— What to work on —
Below are some records. Return exactly their lines from the one containing "Gabinete: Jorge Tatsch" through the one containing "Щитки на голень Щитки на голень", and drop the pictures.

— Listed entries —

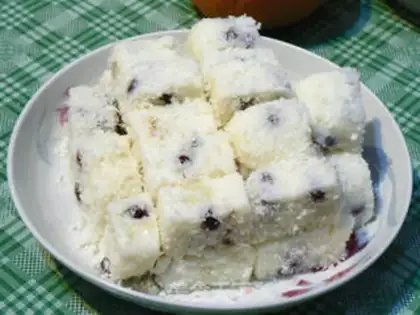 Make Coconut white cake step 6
---
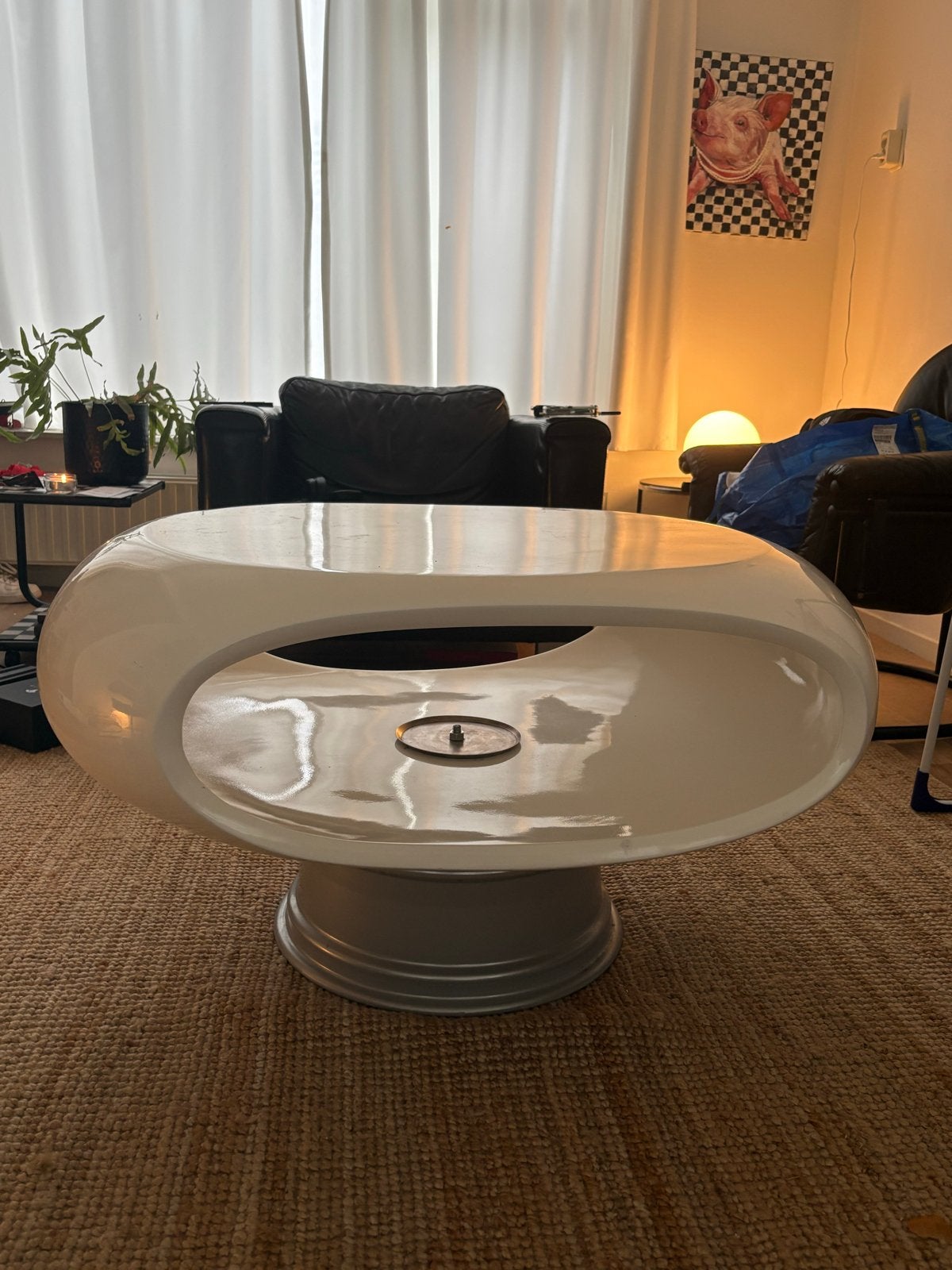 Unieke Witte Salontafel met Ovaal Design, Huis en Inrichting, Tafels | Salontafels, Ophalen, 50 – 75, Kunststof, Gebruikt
==
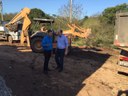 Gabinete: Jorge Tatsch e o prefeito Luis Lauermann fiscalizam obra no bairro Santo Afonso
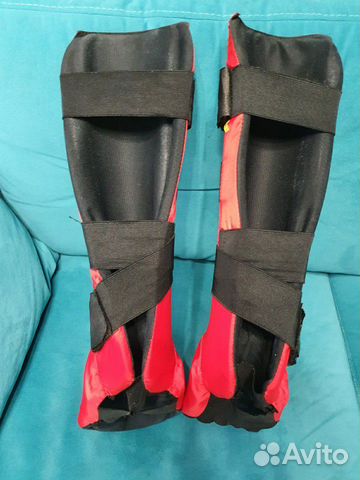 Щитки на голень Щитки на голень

— Answer section —
 Gabinete: Jorge Tatsch e o prefeito Luis Lauermann fiscalizam obra no bairro Santo Afonso
 Щитки на голень Щитки на голень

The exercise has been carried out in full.